British Foreign Secretary Boris Johnson has resigned, amid deepening turmoil in Prime Minister Theresa May's government.
Johnson's resignation, announced by Downing Street on July 9, came just hours after the government’s senior-most official in charge of negotiating Britain's exit from the European Union stepped down.
"This afternoon, the prime minister accepted the resignation of Boris Johnson as Foreign Secretary," May's office said in a statement.
Johnson later released his own statement, in which he accused May of surrendering in the negotiations with the European Union.
"The Brexit dream is dying, suffocated by needless self doubt," he wrote.
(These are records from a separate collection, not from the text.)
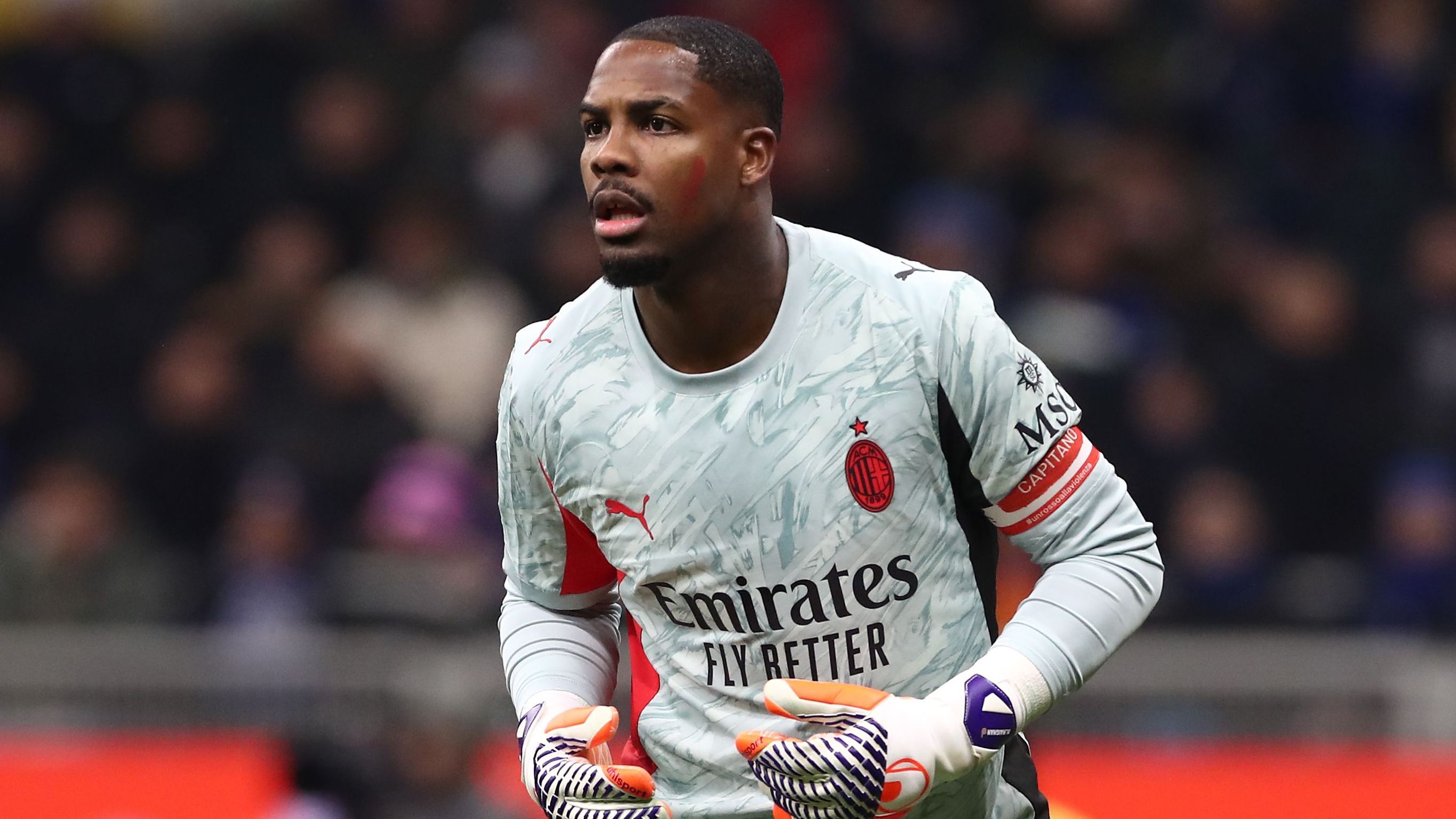 Mike Maignan Nears Potential Departure from AC Milan Amid Free Transfer Speculation with Chelsea and Juventus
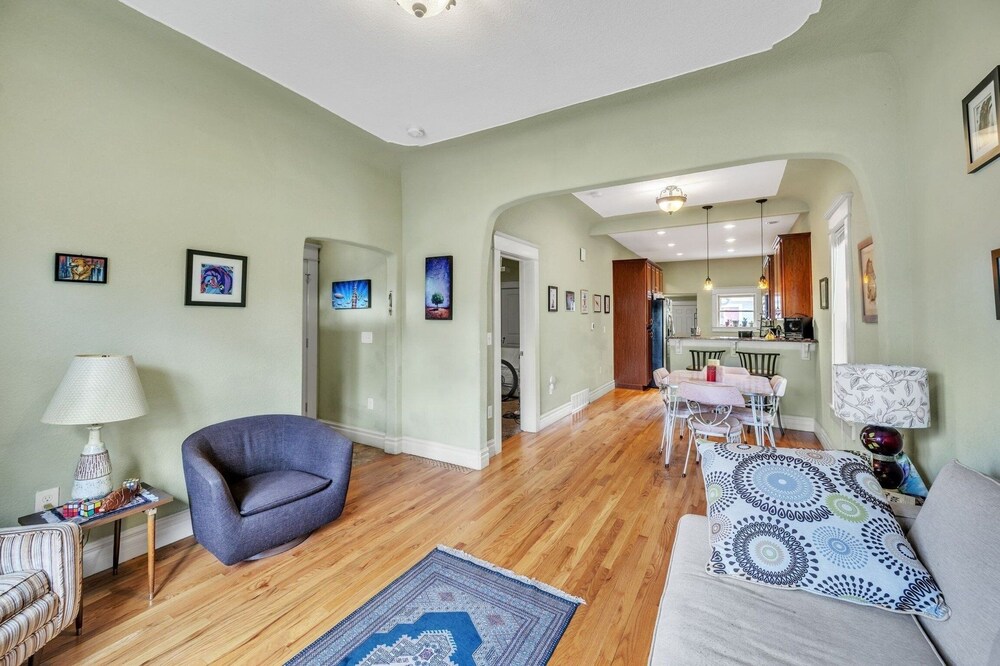 Stylish 2-story Home - Perfect Denver Location 2 Bedroom Home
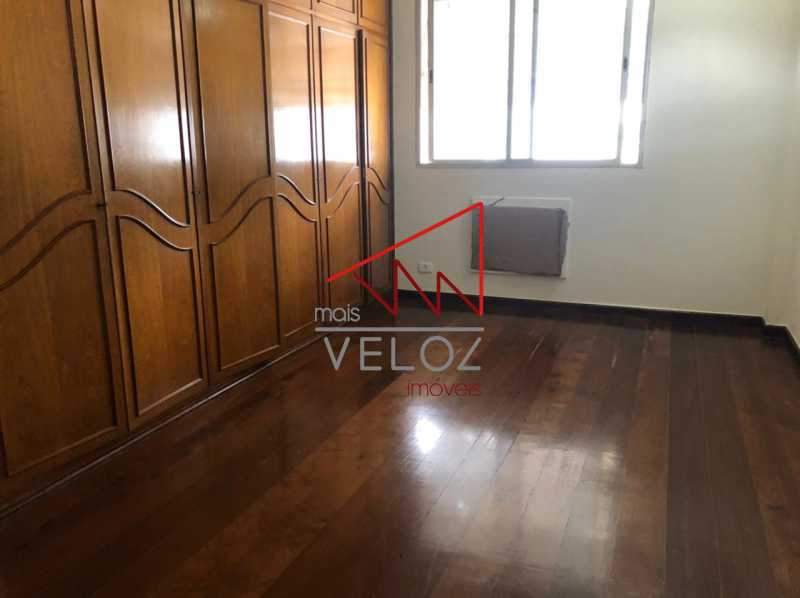 Apartamento à venda com 4 quartos, 162m² - Foto 15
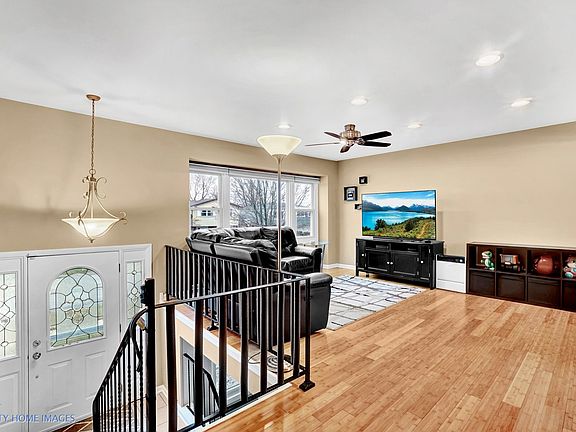 3rd image of 7741 166th St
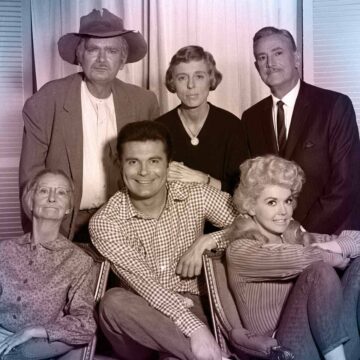 Veronese Producciones - Beverly Ricos S-21: la familia original de “The Beverly Hillbillies” junto a su archienemigo.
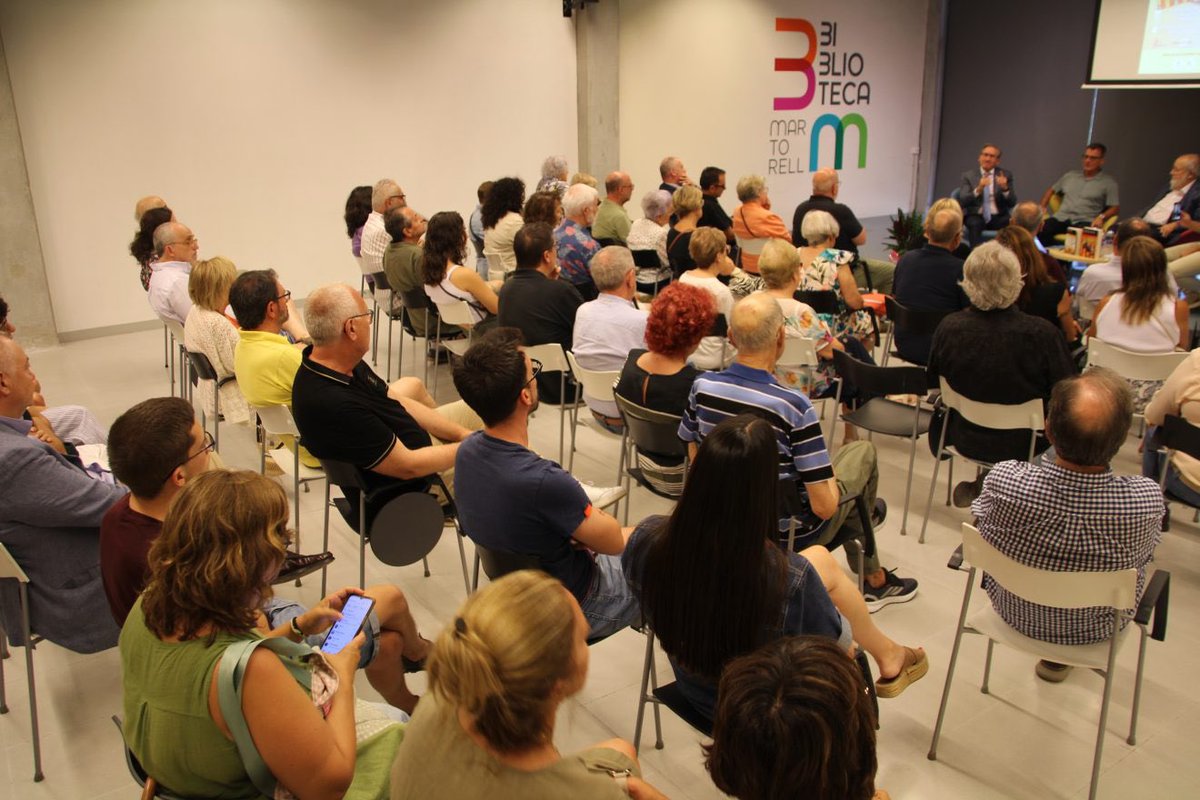 jvmestrenogue's tweet image. Quin goig compartir amb tants martorellencs la presentació de la #3aEdició de #ParaulesDePresident i #NacióIEstat a la @bibmartorell!
Moltes gràcies @xavifono, Salvador Esteve i Jaume Giró per conversar sobre el país i la importància de fer obra de govern per avançar.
In his resignation earlier on July 9, David Davis, whose informal title is Brexit secretary, criticized a hard-won agreement that May had extracted from senior ministers on a strategy to leave the European Union.
The resignations plunged May's already fragile government into deep uncertainty. She has lost two ministers in the past year over sexual misconduct allegations.
May replied to Davis's criticism in a letter, saying that her Brexit plan was in line with her commitment to leave the European single market and customs union.
May appointed Dominic Raab who was previously housing minister as the new Brexit minister.
Britain is scheduled to leave the EU by the end of March 2019 following a June 2016 public referendum that showed a narrow margin of support for leaving the bloc.